The pharmaceutical industry has a lot to fear from Washington this year.
What had once looked like a friendly administration has taken a more combative turn. The security blanket of a Republican House majority is gone, and the Senate may not offer as much protection as it used to.
A sweeping bill to cut drug prices remains a long shot, but legislation isn’t the only consequence of divided government.
Adding fuel to the fire, drugmakers are poised to resume the price hikes they partially paused last year, and new therapies are expected to come to market with seven-figure price tags.
All of that can contribute to a political environment that's already looking less friendly than anything pharma is used to.
The Affordable Care Act is almost a decade old, and yet we'll spend 2019 still wondering whether it's here to stay, after a federal judge ruled last month that the ACA's individual mandate is unconstitutional — and that the entire law must fall as a result.
Why it matters: The scope of Judge Reed O'Connor's ruling is staggering.
What's next: That ruling will be appealed to the 5th Circuit Court of Appeals — the most conservative appeals court in the country. From there it would go to the Supreme Court. Again.
The same question we posed at the start of 2018 is just as relevant going into this year: Is the never-ending cycle of health care consolidation good for patients — for their wallets and the quality of their care?
The big picture: A persuasive body of research shows that hospital system mergers and hospital acquisitions of doctor practices raise costs, although the American Hospital Association argues otherwise.

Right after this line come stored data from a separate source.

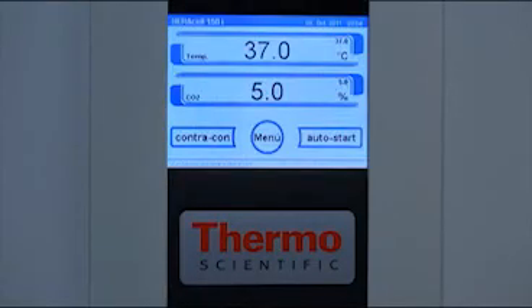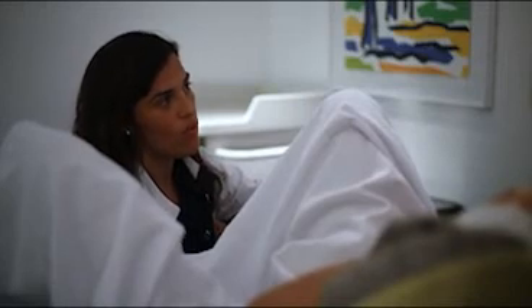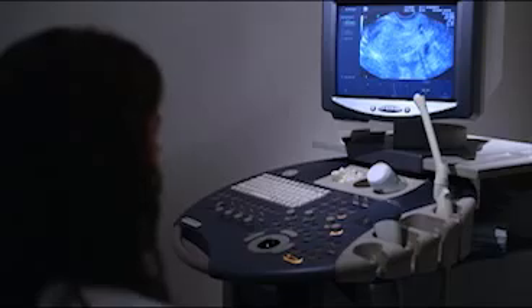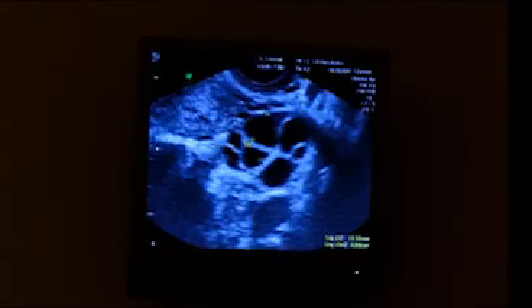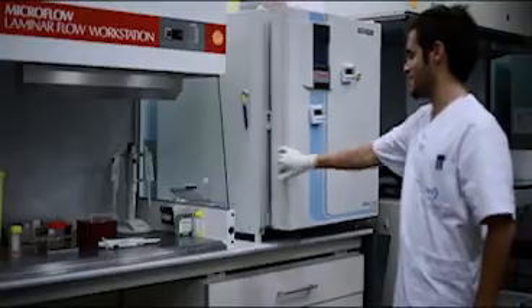On the other hand, the woman undergoes mild ovarian stimulation. This is necessary for increasing the chances of success. This process lasts for around 12 days, during which time ultrasound scans are used to observe the growth of the follicles. When these reach a suitable number and size, we can proceed to treatment.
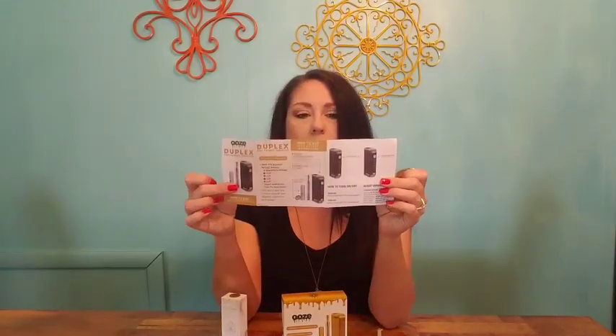Anyway, that is that cartridge. It also comes with a USB charger, a dab tool, and full instructions — very easy to follow. These run about $50 or $60 depending on where you purchase it. I purchased this one at the Vapor Maven and they had them in stock in three different colors.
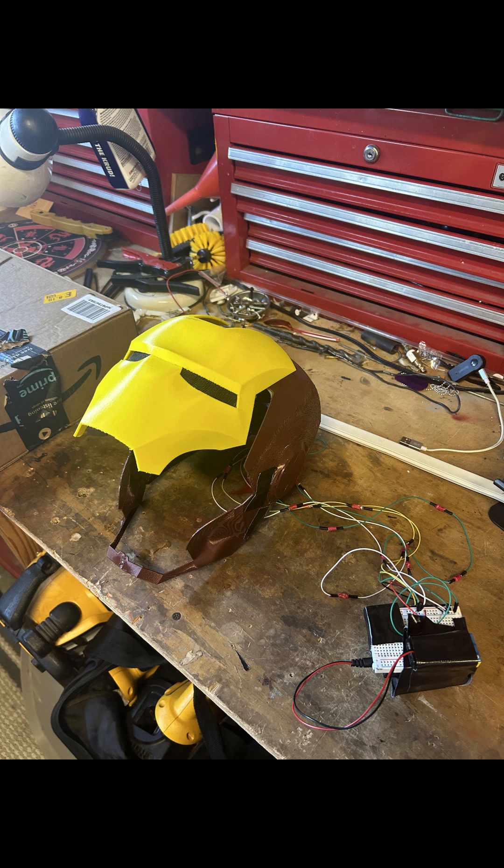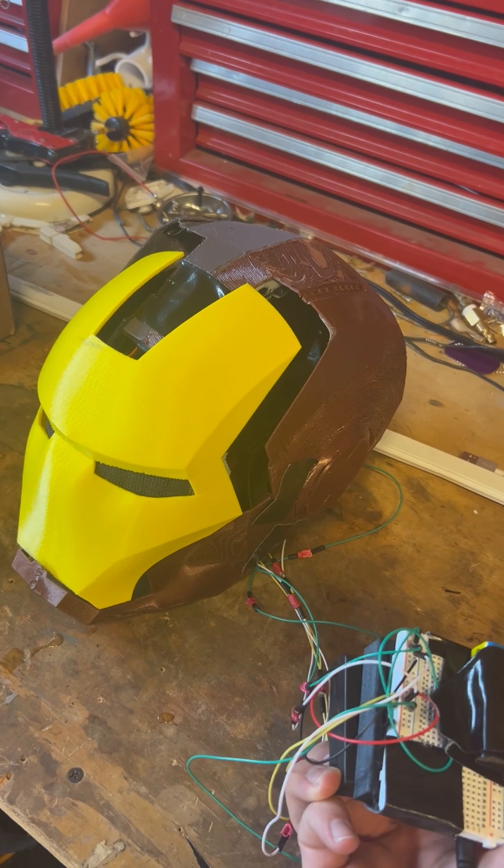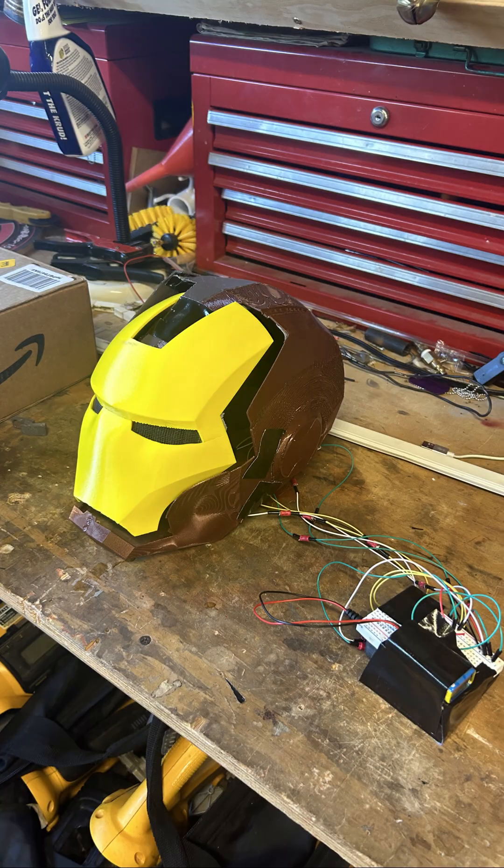So if you couldn't tell in the video of me wearing it, the faceplate didn't go up very high. So I changed the code — went in and changed where the motors went — and in this picture you can see that it goes higher, and in the next video you'll see that too. But anyways, that's my Iron Man helmet.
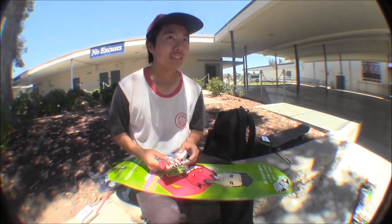Hey, check out the new board man. He's just setting it up. What do you think about that? Pretty hot, yeah?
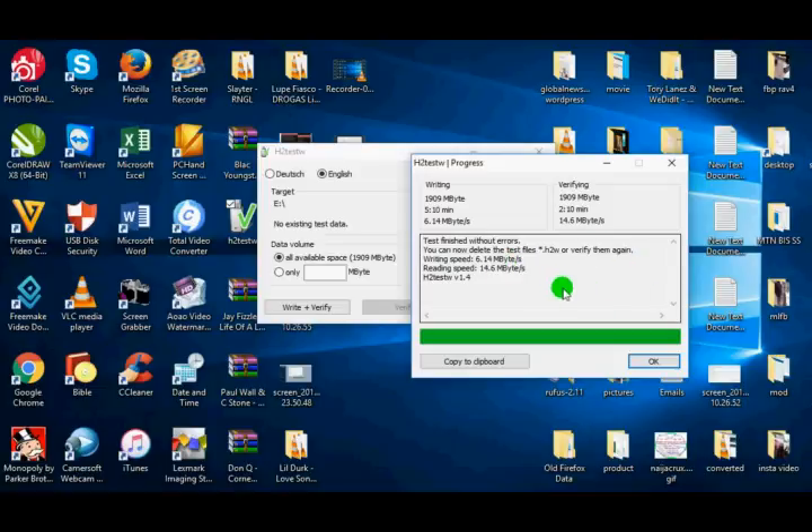Now if this memory card is fake, it will display the actual size of the memory card right here. For example, if I inserted an 8 gig memory card and it's fake and the actual capacity is just 300 megabytes, it's going to display that right here and it's going to show "Test finished with errors." So thank you for watching the video. To get this software, just visit the link in this video.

The bottom line: Lingering concerns over costs and quality won’t slow down the deal-making. Many other major hospital mergers are pending, more local consolidation is expected, and drug companies are sitting on piles of cash, waiting to spend it on M&A.
What we’re watching: Democratic lawmakers are cracking their knuckles. Rep. David Cicilline (D-R.I.), the incoming chair of the House Judiciary antitrust subcommittee, told Axios he will “launch an investigation into monopoly power in health care markets” this year.

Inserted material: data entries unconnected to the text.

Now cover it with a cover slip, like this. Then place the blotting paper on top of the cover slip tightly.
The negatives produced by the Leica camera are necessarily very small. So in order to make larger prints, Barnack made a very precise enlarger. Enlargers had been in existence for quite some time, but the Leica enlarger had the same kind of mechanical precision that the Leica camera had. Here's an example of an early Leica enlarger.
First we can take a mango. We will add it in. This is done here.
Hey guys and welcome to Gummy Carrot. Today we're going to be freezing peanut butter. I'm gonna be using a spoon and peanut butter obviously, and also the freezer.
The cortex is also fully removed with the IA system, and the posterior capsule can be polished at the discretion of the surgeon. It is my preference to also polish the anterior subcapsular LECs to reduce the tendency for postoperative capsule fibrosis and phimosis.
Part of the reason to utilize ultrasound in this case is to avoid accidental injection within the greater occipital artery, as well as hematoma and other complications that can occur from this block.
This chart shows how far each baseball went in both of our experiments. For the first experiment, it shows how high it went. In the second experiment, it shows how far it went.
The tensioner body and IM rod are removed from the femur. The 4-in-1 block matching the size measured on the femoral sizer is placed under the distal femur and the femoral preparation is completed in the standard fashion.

More than 72,000 people died of drug overdoses in 2017. The best-case scenario this year is probably for that number to stay the same.
The medical community is focused on treatment, and on new ways to limit the use of prescription painkillers, where addiction often begins. That could include new packaging, shorter prescriptions and more targeted doses.
What we’re watching: Congress may provide more money for treatment programs, but the most serious opportunity for substantial treatment funding may come from the massive lawsuit that’s pending in a district court in Ohio.
Go deeper: How to change treatment for opioid addiction
Like a piece of modern art, “Medicare for All” means different things to different people. And Democrats haven’t had to settle on any one policy so far. But that will likely change as the 2020 presidential primary heats up.
Where it stands: Sen. Bernie Sanders (I-Vt.) popularized the term “Medicare for All,” and though he’s not the first member of Congress to support a single-payer health care system, his bill is the most prominent proposal out there.
What we’re watching: Health care propelled Democrats’ wave in 2018, and it’s one of the issues Democratic voters care about the most. Even though the dream of “Medicare for All” won’t be realized this year, expect it to play a dominant role as Democrats select their next leader.